Benedict was, despite this, utterly insensible by the time Ackerman arrived at their gates.
With a distinct sense of self-preservation, he opted to hand both reins and heir over to the first available footman, and to himself slip away into the evening without further ado.
"What do you mean, Fairburn has left Town?" Charles demanded petulantly. "Why? Where has he gone?"
Samuel Ackerman, who had arrived at an unusually early hour already smelling of whiskey, although his faculties did not seem to be impaired, sprawled casually across the smoking room's finest couch as if it was his own, with one scarlet-clad leg hitched over its arm and the other foot stretching along the floor.
He lay with one arm folded behind his head, the whole of him propped up on pillows (half of which he had stolen from other seating), and waved a lazy, graceful hand in the air.
"Hunting, he said, although I cannot imagine what for. "
"Sam," Charles said, trying now to sound severe, "sit up.

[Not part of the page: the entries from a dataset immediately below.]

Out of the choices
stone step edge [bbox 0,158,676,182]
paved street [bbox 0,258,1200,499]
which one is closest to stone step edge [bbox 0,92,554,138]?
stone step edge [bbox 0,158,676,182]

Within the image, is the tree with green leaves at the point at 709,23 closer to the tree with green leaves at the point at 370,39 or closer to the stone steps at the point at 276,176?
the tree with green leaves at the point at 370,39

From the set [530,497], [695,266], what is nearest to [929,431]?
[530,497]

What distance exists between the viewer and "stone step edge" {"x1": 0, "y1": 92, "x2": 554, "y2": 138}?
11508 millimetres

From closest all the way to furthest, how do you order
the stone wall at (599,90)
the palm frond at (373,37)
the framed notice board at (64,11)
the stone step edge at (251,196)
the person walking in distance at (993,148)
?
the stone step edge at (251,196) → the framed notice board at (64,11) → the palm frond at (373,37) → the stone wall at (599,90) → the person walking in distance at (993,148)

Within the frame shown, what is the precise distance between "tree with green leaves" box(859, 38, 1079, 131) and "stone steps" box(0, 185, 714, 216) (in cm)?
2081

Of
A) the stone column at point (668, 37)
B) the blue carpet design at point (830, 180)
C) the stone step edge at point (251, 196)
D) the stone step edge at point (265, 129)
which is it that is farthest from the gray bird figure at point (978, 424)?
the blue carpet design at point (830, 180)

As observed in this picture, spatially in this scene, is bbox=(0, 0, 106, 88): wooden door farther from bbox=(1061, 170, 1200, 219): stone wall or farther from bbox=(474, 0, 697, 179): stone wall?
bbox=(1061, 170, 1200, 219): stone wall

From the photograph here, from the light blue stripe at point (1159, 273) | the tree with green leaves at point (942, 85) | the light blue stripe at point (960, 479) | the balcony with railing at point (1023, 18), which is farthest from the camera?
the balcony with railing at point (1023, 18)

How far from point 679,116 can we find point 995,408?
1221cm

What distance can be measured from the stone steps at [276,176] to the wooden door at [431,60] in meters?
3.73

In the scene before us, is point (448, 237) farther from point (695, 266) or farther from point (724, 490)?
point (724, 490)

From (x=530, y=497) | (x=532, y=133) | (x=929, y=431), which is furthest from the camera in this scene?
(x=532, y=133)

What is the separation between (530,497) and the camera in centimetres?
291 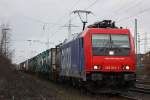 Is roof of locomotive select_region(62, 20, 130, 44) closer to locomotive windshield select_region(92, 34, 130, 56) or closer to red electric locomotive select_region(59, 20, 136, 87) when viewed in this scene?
red electric locomotive select_region(59, 20, 136, 87)

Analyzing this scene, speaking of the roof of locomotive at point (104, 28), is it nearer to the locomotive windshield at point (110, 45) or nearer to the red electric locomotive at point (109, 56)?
the red electric locomotive at point (109, 56)

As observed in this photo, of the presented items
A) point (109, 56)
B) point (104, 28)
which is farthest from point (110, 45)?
point (104, 28)

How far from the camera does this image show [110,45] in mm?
20109

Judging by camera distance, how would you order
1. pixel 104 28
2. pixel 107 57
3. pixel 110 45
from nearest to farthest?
pixel 107 57
pixel 110 45
pixel 104 28

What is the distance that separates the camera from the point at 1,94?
762 inches

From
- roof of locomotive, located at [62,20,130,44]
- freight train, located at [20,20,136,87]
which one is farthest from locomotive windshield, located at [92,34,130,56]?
roof of locomotive, located at [62,20,130,44]

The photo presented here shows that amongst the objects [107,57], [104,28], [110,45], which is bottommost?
[107,57]

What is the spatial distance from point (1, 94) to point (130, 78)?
5.76 m

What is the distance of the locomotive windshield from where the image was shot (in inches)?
782

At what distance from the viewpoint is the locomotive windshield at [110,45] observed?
19.9 m

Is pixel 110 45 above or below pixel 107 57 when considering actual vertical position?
above

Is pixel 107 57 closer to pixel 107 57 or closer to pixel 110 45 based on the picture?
pixel 107 57

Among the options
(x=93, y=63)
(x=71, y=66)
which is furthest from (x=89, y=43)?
(x=71, y=66)

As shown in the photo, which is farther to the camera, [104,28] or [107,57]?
[104,28] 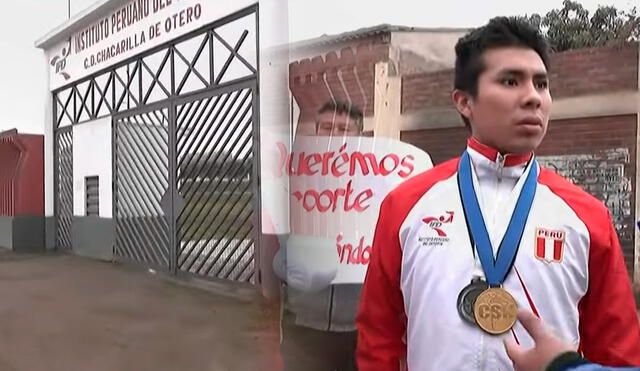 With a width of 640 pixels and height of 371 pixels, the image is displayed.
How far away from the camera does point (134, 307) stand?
1.44 meters

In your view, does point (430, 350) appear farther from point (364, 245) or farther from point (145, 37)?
point (145, 37)

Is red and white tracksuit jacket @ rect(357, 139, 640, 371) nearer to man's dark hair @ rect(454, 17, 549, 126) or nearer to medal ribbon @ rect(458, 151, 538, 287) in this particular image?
medal ribbon @ rect(458, 151, 538, 287)

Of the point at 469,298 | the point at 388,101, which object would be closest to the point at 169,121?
the point at 388,101

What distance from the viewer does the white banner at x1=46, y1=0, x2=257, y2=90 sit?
1324 millimetres

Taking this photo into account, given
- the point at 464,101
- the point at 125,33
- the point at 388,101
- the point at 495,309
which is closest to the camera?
the point at 495,309

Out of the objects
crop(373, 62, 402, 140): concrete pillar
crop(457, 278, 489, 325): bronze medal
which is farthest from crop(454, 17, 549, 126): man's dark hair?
crop(373, 62, 402, 140): concrete pillar

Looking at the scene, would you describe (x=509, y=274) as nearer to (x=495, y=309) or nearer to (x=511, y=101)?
(x=495, y=309)

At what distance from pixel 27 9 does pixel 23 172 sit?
1.20 feet

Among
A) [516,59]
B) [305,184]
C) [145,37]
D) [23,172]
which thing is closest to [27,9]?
[145,37]

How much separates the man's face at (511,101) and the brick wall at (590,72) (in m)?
0.35

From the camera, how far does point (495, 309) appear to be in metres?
0.95

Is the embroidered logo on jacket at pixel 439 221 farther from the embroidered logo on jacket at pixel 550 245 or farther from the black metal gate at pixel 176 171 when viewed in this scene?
the black metal gate at pixel 176 171

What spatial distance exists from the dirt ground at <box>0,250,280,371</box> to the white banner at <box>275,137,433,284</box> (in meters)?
0.22

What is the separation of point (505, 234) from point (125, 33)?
930 millimetres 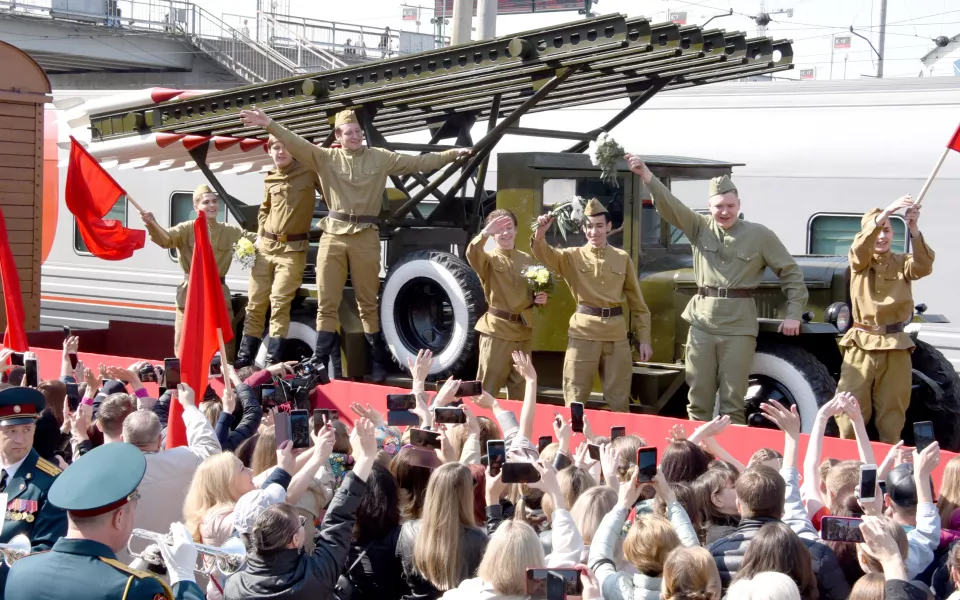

You look like a Cyprian."
"Shall I paint my lips and offer kisses?
" Ackerman pursed his lips in offering and shifted a few inches, enough to suggest the impression of sitting rather than lounging.
"It doesn't matter where he's gone, Charles.
He's gone off to clear his head, and I thought you'd want to know. You like to keep track of us."
"Someone's got to." It wasn't true, of course.
They were all grown men, quite able to keep track of their own lives.
But it soothed Charles to imagine they were an unchanging lot whose occasional deviations from the usual meant nothing.
Except Fairburn, in becoming engaged, had already deviated terribly from the typical.
A small knot of concern worried at Dalton's belly when Fairburn's sudden departure was added to this mix.